● Data supplied

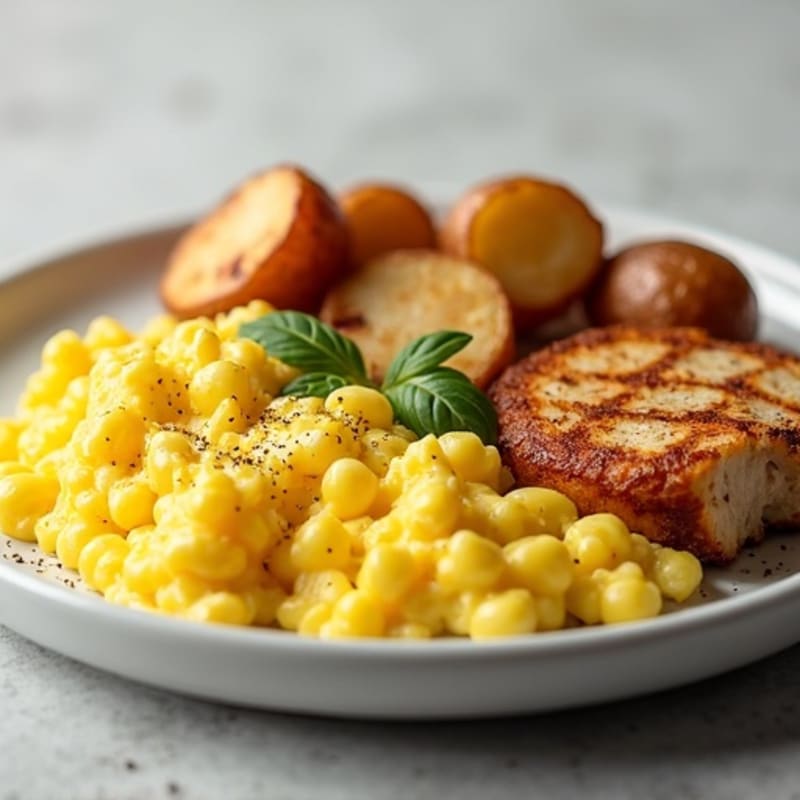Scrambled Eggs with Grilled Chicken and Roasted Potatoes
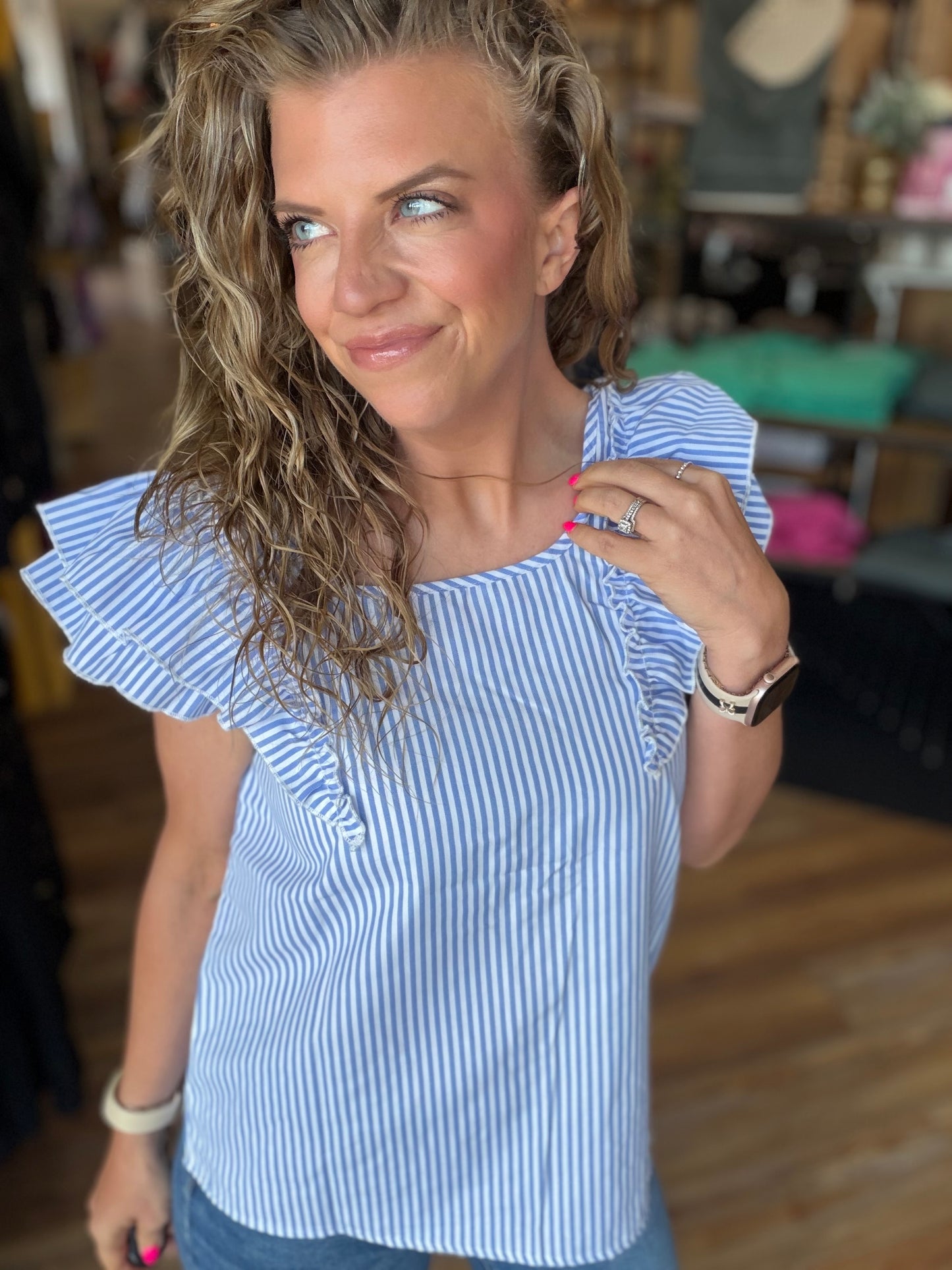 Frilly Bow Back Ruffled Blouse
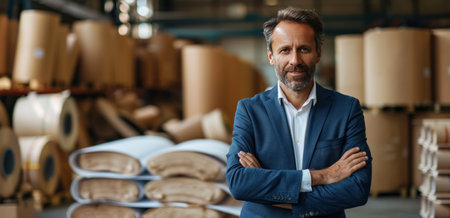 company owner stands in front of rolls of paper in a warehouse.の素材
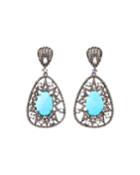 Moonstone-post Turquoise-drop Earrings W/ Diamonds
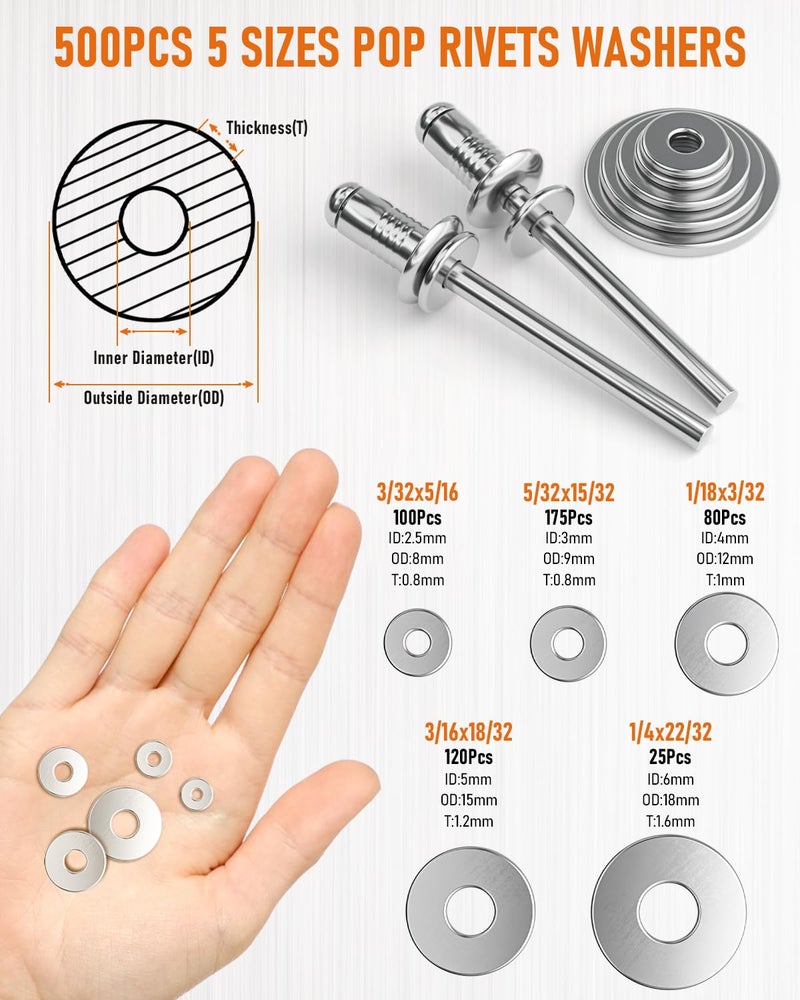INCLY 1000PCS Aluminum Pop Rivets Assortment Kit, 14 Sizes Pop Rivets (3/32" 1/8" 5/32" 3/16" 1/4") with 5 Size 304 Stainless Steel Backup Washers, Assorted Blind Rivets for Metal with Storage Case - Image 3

==

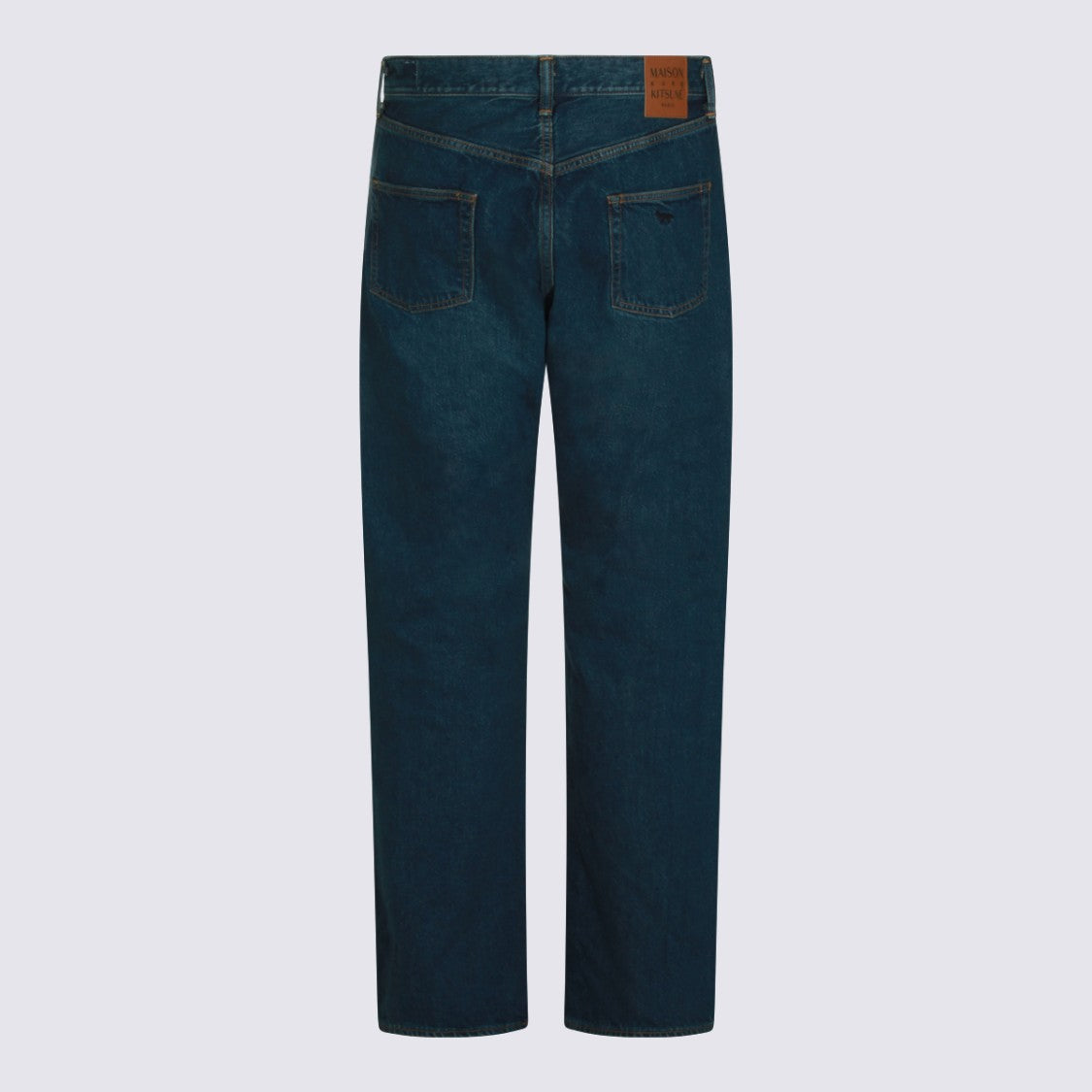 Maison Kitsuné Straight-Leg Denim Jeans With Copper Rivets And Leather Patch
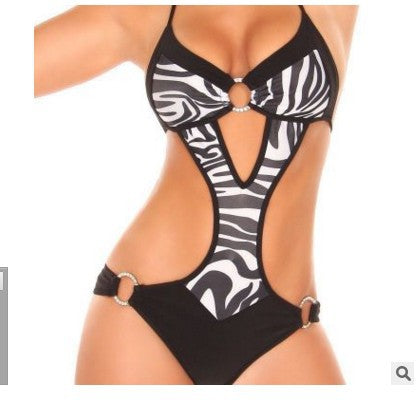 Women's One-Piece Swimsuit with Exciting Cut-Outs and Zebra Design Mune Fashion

● Work to be completed
What are the lines above from the one with "Scrambled Eggs with" to the one with "INCLY 1000PCS Aluminum", both included? Reproduce them exactly, without pictures.

● Output of the task
Scrambled Eggs with Grilled Chicken and Roasted Potatoes
 Frilly Bow Back Ruffled Blouse
 company owner stands in front of rolls of paper in a warehouse.の素材
 Moonstone-post Turquoise-drop Earrings W/ Diamonds
INCLY 1000PCS Aluminum Pop Rivets Assortment Kit, 14 Sizes Pop Rivets (3/32" 1/8" 5/32" 3/16" 1/4") with 5 Size 304 Stainless Steel Backup Washers, Assorted Blind Rivets for Metal with Storage Case - Image 3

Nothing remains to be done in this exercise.